* Exercise brief
Starting with the line that includes "Caneca De Café", write out every remaining line of the records below exactly as it appears, leaving out any images.

Scraped caption text data:
......

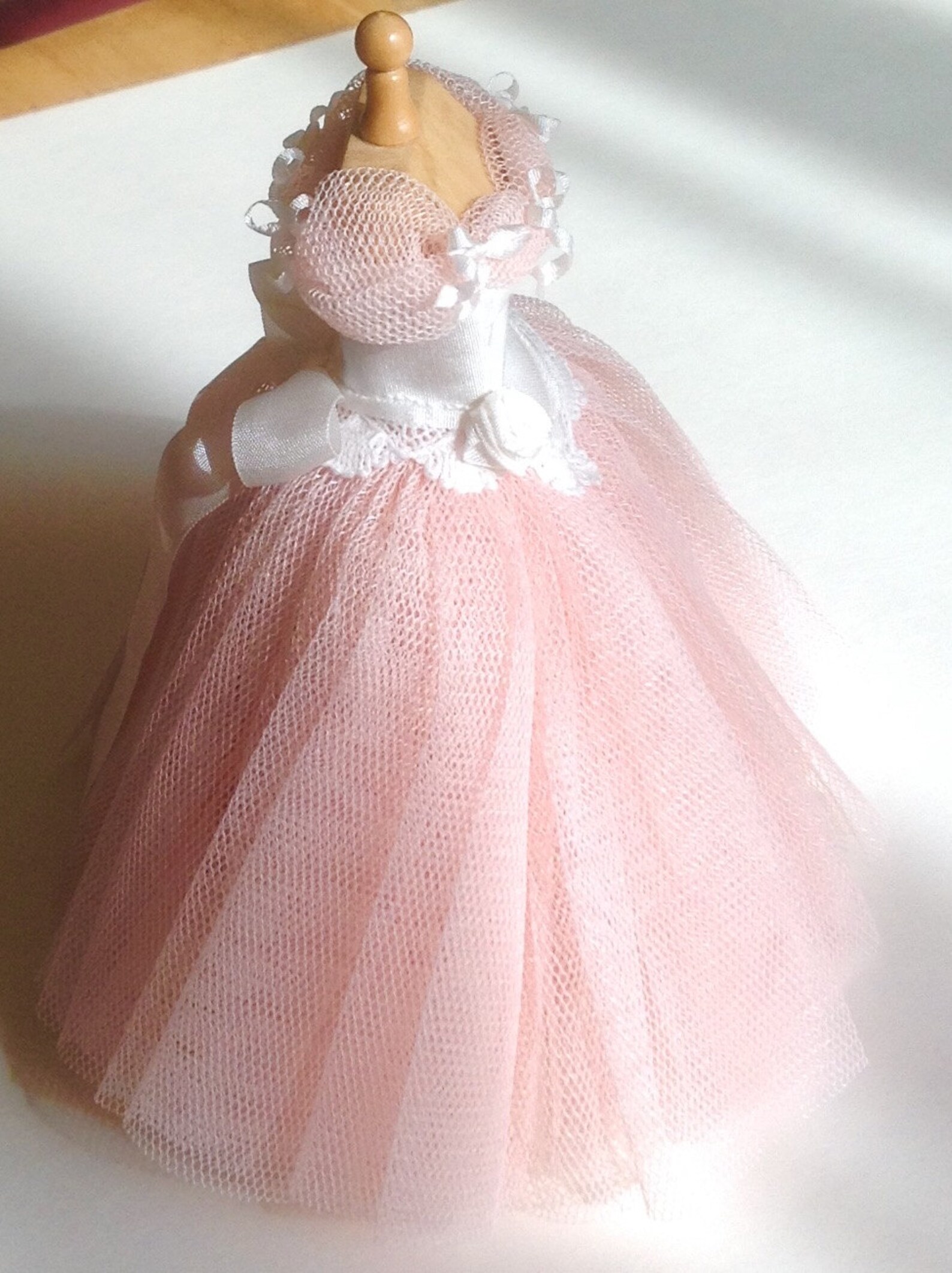 Pink Net Ball Gown on Mannequin 1/12th Scale Dollhouse - Etsy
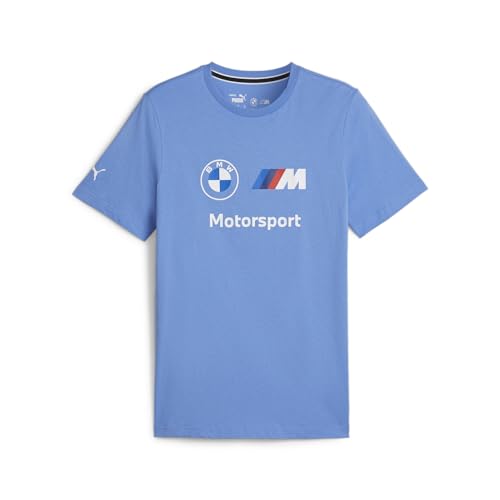 PUMA BMW M Motorsport Essentials - Camiseta con Logotipo para Hombre, Blue Skies, XXL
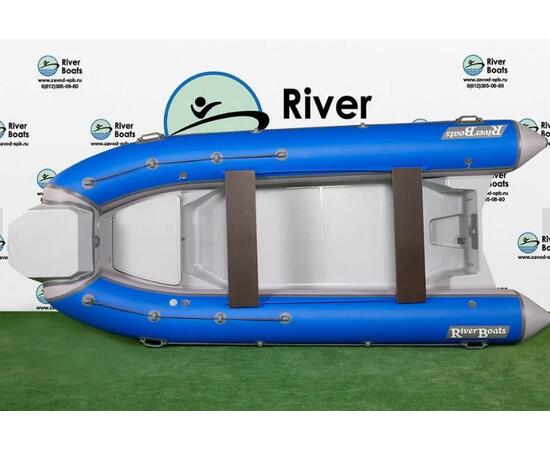 Надувная лодка RiverBoats RB 430 (Встроенный рундук) (транец L — 515 мм.), фото 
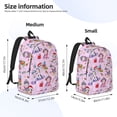 thumbnail image 2 of Vsdgher Christmas Unicorns Print Canvas Backpack Travel Rucksack Unisex Knapsack 15.7/17.7Inch Laptop Backpack for Work,College-Medium, 2 of 5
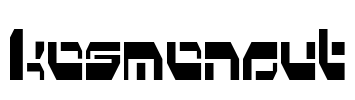 Kosmonaut Font Image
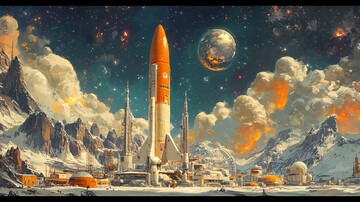 太空生活图景1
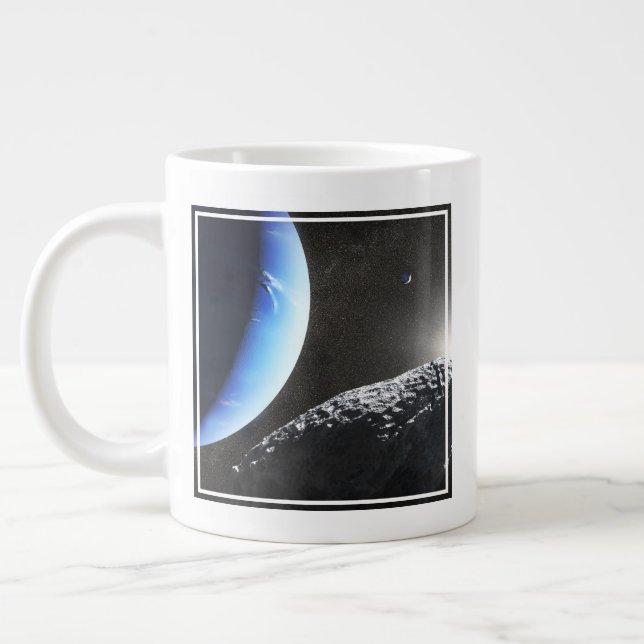 Caneca De Café Grande Uma Pequena Lua Hippocamp de Netuno. (Esquerda)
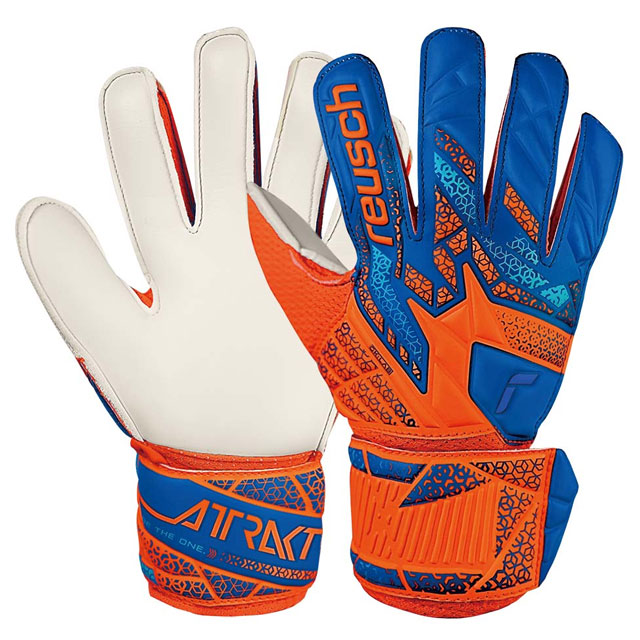 ロイシュ サッカー キーパーグローブ ジュニア アトラクト ソリッド ショッキングオレンジ ゴールキーパー用品 reusch 5562515-2290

......

* Output
 Caneca De Café Grande Uma Pequena Lua Hippocamp de Netuno. (Esquerda)
 ロイシュ サッカー キーパーグローブ ジュニア アトラクト ソリッド ショッキングオレンジ ゴールキーパー用品 reusch 5562515-2290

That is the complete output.